MONETT, Mo. -- To the average person, it's an egg. But to Cindy Clapper, it's a potential work of art.
Clapper has been bitten by the "bug." Not the flu bug, but the artistic bug that entices someone with a crafty bent in their personality to take something ordinary and turn it into the extraordinary.
"I started decorating eggs when I lived in California in 1992," Clapper said. "These are along the same lines as Fabergé eggs. I made my first bunny egg in March of 1992. And I just got hooked on 'em."
Peter Carl Fabergé came to international renown for his design of decorative objects made of silver, gold and various gemstones native to Russia. His most beautiful pieces were the crafted Easter eggs he made for Czars Alexander III and Nicholas II.

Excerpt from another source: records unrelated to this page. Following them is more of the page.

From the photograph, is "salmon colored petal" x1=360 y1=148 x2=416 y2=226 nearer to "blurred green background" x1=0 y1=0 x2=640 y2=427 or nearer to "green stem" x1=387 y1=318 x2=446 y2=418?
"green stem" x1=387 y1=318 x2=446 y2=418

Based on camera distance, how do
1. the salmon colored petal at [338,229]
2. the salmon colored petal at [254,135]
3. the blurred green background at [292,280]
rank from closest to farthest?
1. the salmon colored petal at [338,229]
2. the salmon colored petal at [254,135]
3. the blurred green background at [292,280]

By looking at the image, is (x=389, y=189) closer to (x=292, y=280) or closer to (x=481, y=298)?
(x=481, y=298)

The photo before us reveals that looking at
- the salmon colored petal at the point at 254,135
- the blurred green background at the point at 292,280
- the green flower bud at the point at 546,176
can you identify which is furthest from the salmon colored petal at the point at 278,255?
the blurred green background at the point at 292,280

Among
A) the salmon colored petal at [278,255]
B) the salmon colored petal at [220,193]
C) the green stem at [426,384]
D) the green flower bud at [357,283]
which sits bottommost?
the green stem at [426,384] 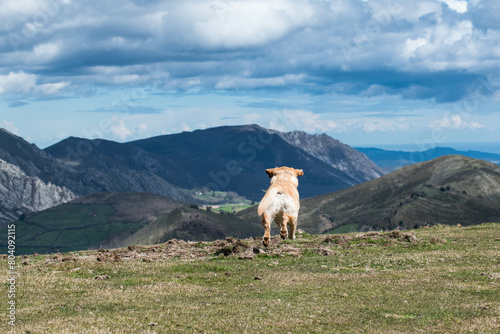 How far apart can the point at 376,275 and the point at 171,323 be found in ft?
34.9

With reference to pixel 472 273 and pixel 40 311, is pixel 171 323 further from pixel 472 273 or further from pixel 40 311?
pixel 472 273

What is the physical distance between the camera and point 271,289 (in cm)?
1938

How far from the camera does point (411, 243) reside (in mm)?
30156

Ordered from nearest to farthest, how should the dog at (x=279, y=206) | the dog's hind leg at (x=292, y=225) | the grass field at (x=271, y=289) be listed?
the grass field at (x=271, y=289), the dog at (x=279, y=206), the dog's hind leg at (x=292, y=225)

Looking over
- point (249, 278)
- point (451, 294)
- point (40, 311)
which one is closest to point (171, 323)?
point (40, 311)

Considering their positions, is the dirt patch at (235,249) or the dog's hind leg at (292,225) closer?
the dirt patch at (235,249)

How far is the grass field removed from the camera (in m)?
14.4

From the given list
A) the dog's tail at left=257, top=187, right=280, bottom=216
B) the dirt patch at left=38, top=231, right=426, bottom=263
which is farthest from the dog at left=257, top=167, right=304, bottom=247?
the dirt patch at left=38, top=231, right=426, bottom=263

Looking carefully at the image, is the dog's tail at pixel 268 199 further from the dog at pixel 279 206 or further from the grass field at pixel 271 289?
the grass field at pixel 271 289

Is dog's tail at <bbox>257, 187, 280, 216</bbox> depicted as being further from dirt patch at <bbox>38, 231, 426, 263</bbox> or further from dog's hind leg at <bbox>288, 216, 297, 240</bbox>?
dirt patch at <bbox>38, 231, 426, 263</bbox>

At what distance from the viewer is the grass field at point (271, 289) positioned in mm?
14445

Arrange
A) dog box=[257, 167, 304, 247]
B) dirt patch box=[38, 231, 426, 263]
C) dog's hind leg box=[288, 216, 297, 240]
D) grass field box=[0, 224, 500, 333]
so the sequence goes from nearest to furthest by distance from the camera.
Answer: grass field box=[0, 224, 500, 333] < dog box=[257, 167, 304, 247] < dirt patch box=[38, 231, 426, 263] < dog's hind leg box=[288, 216, 297, 240]

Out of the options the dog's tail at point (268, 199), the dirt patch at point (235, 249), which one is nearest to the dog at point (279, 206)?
the dog's tail at point (268, 199)

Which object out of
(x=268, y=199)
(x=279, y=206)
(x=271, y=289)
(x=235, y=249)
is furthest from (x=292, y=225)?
(x=271, y=289) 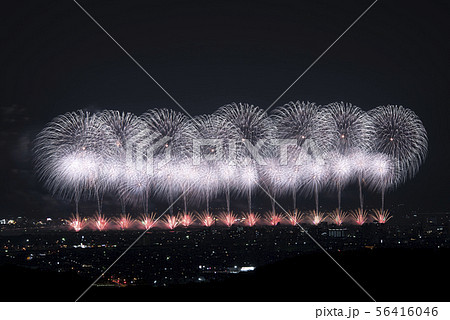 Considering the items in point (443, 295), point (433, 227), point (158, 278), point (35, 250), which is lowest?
point (443, 295)

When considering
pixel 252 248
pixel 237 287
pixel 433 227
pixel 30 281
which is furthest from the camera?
pixel 433 227

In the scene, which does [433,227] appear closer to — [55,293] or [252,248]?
[252,248]

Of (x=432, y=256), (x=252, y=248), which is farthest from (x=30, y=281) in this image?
(x=252, y=248)

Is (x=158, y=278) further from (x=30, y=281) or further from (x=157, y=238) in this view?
(x=157, y=238)

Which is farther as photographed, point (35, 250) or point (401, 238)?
point (35, 250)

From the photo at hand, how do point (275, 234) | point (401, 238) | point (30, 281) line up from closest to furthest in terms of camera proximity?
point (30, 281) < point (401, 238) < point (275, 234)

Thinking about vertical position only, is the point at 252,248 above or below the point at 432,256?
above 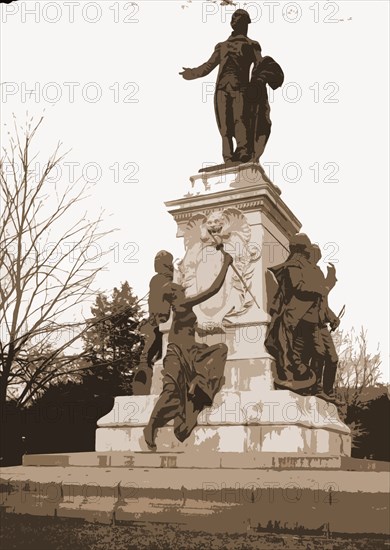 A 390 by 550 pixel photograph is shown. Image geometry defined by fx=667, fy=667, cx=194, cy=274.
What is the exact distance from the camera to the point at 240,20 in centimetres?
1008

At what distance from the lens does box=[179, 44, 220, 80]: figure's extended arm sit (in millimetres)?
10094

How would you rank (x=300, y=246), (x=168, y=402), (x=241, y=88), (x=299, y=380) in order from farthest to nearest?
(x=241, y=88)
(x=300, y=246)
(x=299, y=380)
(x=168, y=402)

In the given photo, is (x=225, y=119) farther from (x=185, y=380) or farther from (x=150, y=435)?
(x=150, y=435)

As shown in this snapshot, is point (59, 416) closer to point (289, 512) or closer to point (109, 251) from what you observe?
point (109, 251)

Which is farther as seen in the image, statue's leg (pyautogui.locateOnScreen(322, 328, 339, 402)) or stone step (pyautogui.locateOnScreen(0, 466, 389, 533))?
statue's leg (pyautogui.locateOnScreen(322, 328, 339, 402))

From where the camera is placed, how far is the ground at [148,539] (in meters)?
4.59

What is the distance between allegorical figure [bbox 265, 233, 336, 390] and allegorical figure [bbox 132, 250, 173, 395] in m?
1.57

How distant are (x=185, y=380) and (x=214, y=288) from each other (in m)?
1.36

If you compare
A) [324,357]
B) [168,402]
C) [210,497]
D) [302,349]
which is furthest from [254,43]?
[210,497]

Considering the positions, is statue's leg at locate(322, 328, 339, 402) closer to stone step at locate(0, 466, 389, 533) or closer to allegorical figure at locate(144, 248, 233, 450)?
allegorical figure at locate(144, 248, 233, 450)

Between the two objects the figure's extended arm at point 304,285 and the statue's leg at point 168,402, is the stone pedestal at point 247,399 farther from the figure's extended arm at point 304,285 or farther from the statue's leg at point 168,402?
the figure's extended arm at point 304,285

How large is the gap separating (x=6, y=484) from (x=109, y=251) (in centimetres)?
908

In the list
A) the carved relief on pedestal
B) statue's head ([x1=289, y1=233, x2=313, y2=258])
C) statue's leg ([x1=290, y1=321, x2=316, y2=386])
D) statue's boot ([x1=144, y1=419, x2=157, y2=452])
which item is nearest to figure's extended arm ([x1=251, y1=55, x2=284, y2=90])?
the carved relief on pedestal

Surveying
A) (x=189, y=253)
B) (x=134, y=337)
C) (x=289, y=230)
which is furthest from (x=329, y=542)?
(x=134, y=337) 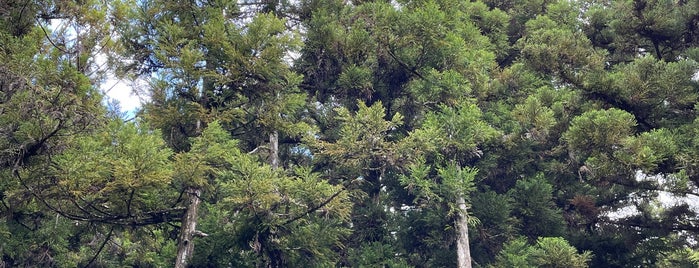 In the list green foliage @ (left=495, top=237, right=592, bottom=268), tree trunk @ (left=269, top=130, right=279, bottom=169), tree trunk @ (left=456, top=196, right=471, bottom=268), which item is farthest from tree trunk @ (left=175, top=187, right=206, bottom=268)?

Clapper admits that most of the eggs she has crafted have been given as gifts to relatives and friends, but she still has quite a collection for display, and lots of "raw" material with which to work.
"I have several blown eggs in storage," she said. "I got so hooked on decorating eggs, I bought my own geese so I could have a steady supply!"
While only the gander remains, Clapper has enough egg shells to keep her busy for the next several months.
She doesn't limit her crafting to duck eggs, though. She has worked with emu, quail, duck and ostrich eggs.
"I made a quail egg necklace for my mother in 1994," she said. "Anything you put on the egg, resin or glue, serves to strengthen it, so for the most part, people can wear them as jewelry. They're pretty durable. You just have to treat them as fine porcelain china."
Designs for eggs are endless.
"Besides jewelry, you can make jewelry boxes, carriages, even pieces with clocks inside them," Clapper explained, showing several books chock full of beautiful works that barely resemble the humble egg. "A little bit of rhinestones, pearls, velvet and satin, and you can create anything you can imagine."
Eggs also can be colored in a variety of ways. Toss out the old Easter egg dyeing kit, and pick up the pastel chalks, craft paint, even gift wrap and Christmas paper.
"I get so many ideas simmering in my head, it's hard to decide what to do first," she said.
Clapper looks at each egg with that mysterious artist's eye that can see beyond the surface to the beauty lying underneath, waiting for inspiration to hit.
"Being inspired about egg decorating is for the most part dependent on who the egg is going to," she explained. "What that person's likes and hobbies are, a special occasion such as a wedding or birth. Each egg has a different inspiration."
Clapper has also refined the art of decoupage, with special event announcements, holiday themes, scriptures and poetry.
How complicated is egg decorating?
"It's as easy or as complicated as you want to get," she explained. "You can easily and simply decoupage something onto the egg, or you can layer cutouts onto the surface and the inside of the egg to give the work depth. I did a diorama for my dad, who loves deer hunting. There are miniature trees, a deer and a fence inside the hollowed egg.
"There is no particular artistic inclination about egg decorating," Clapper continued. "Like everything else, if you have the drive, you can learn it. If you have a good teacher.
"One word of caution, though," she continued. "These are eggs. They can, will and do break."